Saturday, February 6, 2016

"Almost Forgotten" Women Writers - Part 2: Stella Gibbons



Stella Gibbons:





Stella Gibbons was born in 1902 in London, England. She studied journalism at University College and worked for a variety of newspapers. She was the author of twenty-three novels and also published short story collections and books of poems. She died in 1989 at the age of 87. 


Cold Comfort Farm: 

Gibbons is best known for her 1932 novel Cold Comfort Farm

As Gibbons wrote Cold Comfort Farm ... "she believed she might have a hit on her hands early on: the girls who typed her manuscript laughed out loud at it, and when it was published in September 1932 this was proved to be true." (The Guardian c 1933)

The public loved this book it, even if one critic was convinced that Stella Gibbons was a pseudonym for Evelyn Waugh. 


The next year the novel won the literary award Prix Étranger of the Prix Femina-Vie heureuse, which was rarely awarded to "comic novels", and this choice by the judges deeply incensed  the arrogant and entitled Virginia Woolf. "I was enraged to see they gave the £40 to Gibbons," Woolf wrote to Elizabeth Bowen. "Still, now you and Rosamond (Lehmann) can join in blaming her. Who is she? What is this book?".
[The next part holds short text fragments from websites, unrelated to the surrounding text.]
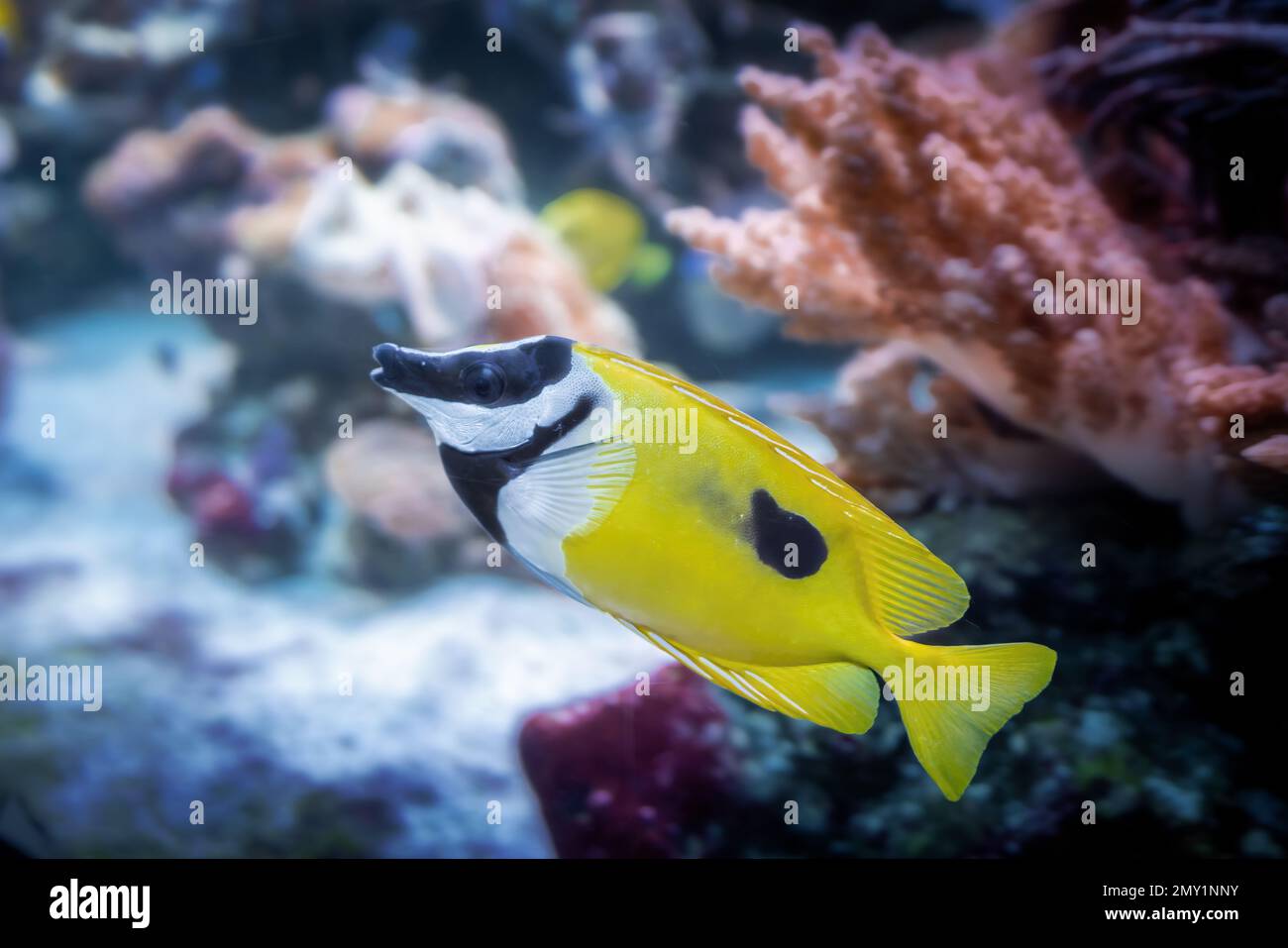 Foxface Rabbitfish Fish (Siganus vulpinus) Stock Photo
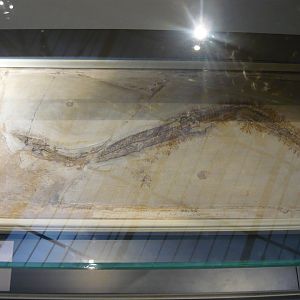 Pleurosaurus goldfussi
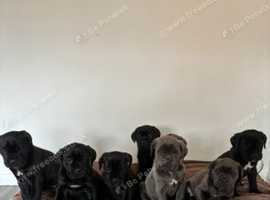 Cane corso Italian mastiff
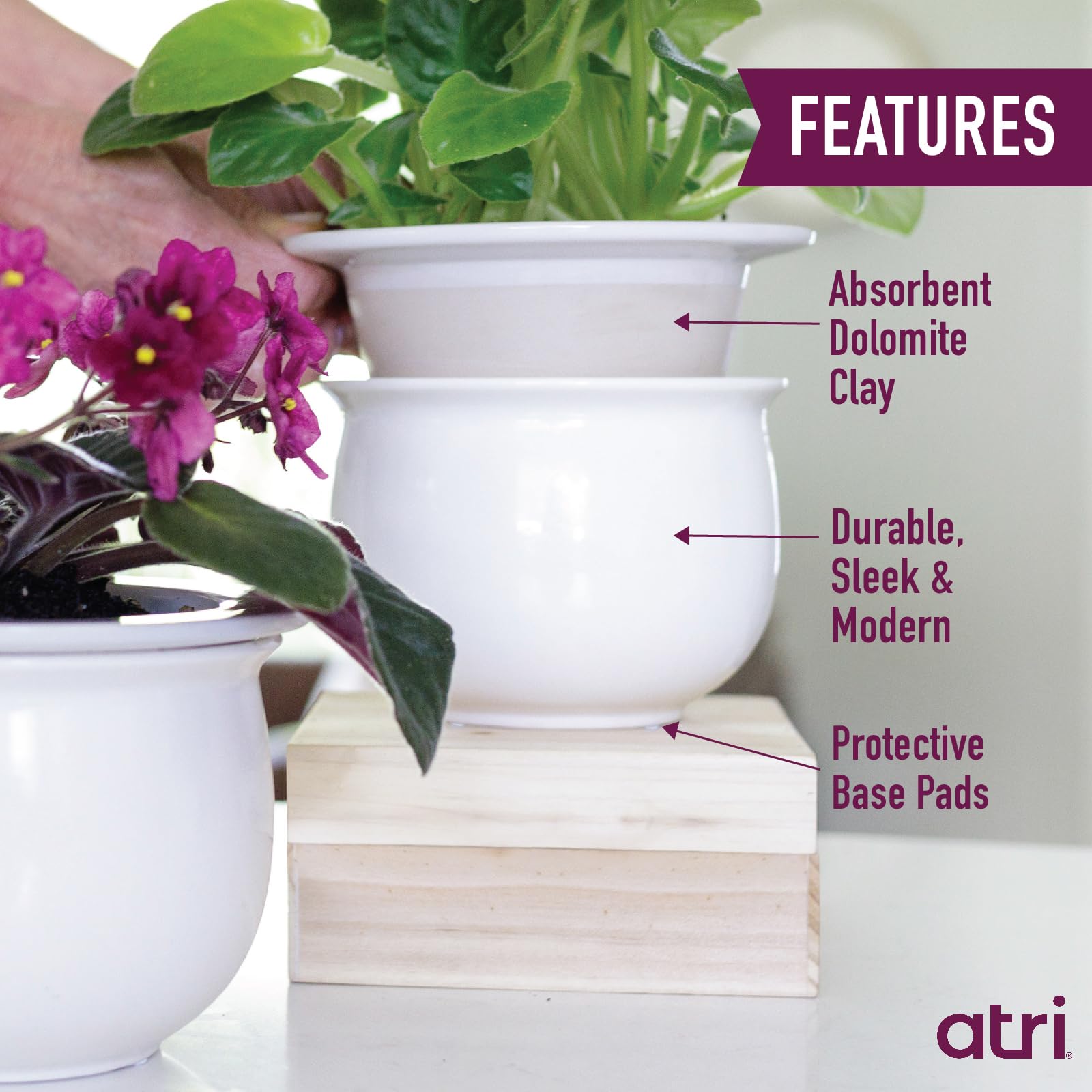 Atri inner absorbent dolomite pot drawing water up for thriving roots.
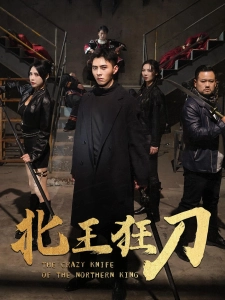 短剧北王狂刀海报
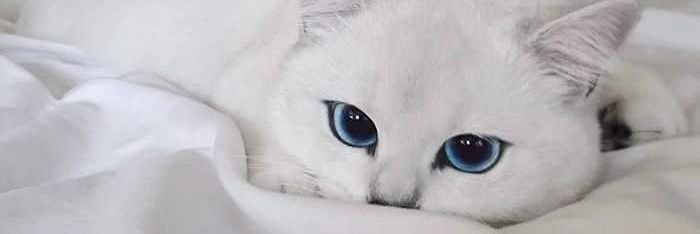 riananabilla's profile banner image
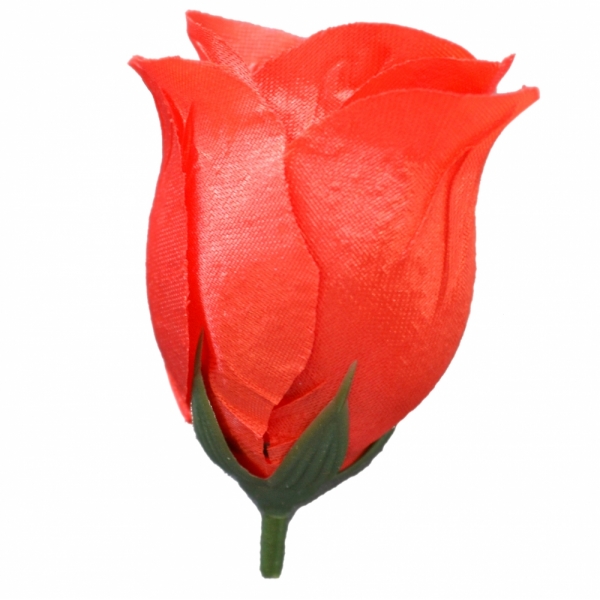 Сосна, 1,5 м. Розпушена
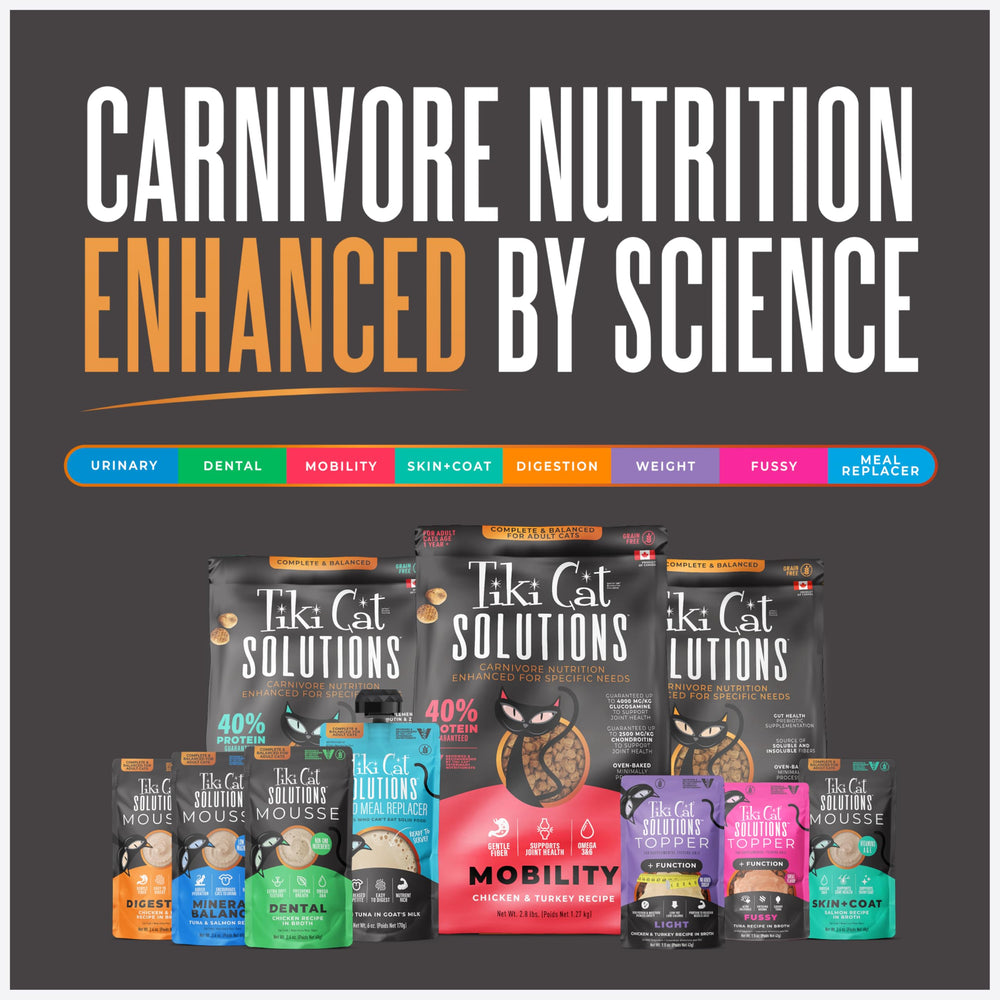 Tiki Cat ensemble de 12 sachets montrant la praticité pour un approvisionnement stable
(This is why writers should always dispose of certain old letters!) Woolf was terribly snobbish about "non-literary" writers. After all, the literary writers she admired were the only real writers (a divine group in which she included herself) -  and this letter certainly doesn't put her in a favourable light, to say the least! But I have heard remarks like this all of my years of writing - awards rarely make anyone happy, other than the winner!
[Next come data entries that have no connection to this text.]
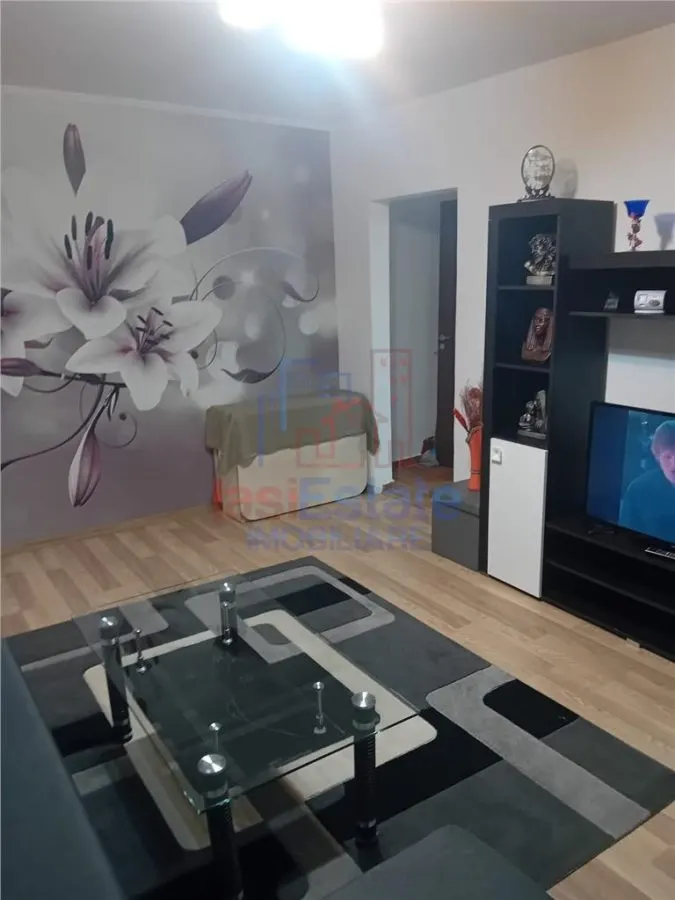 Apartament 3 camere zona Alexandru cel Bun - foto 4
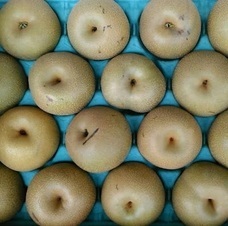 eBay Japan合同会社のプレスリリース画像3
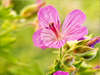 April Calendar -- Free April wallpapers -- Yahoo! Greetings wallpapers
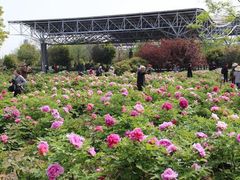 -合肥三国新城遗址公园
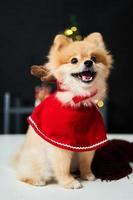 soffice cane pomeranian con un bordo di un berretto in corno di cervo vicino all'albero di natale e scatola regalo. sfondo di decorazioni di Capodanno. animale domestico e vacanza foto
I read Cold Comfort Farm some years ago and again more recently. It is sophisticated, hilarious, strangely dark and unsettling  - but for all that, it is mainly a pointed parody of the verdant, bucolic regional school of writers like Mary Webb, Thomas Hardy, Emily Bronte and especially D.H.Lawrence whose agrarian lustful novel, Lady Chatterley's Lover became a "cause célèbre" almost forty years later.  Before that, only edited versions had been released to the public. When the full unexpurgated version was published in 1960 by Penguin, their daring decision led to a trial under the Obscene Publications Act - where a jury eventually found Penguin not guilty. Lady Chatterley's Lover became revered after that - because of the crusade against censorship - and for its form of extravagantly descriptive writing about a sexual relationship between a young stonemason and Lady Constance Chatterley.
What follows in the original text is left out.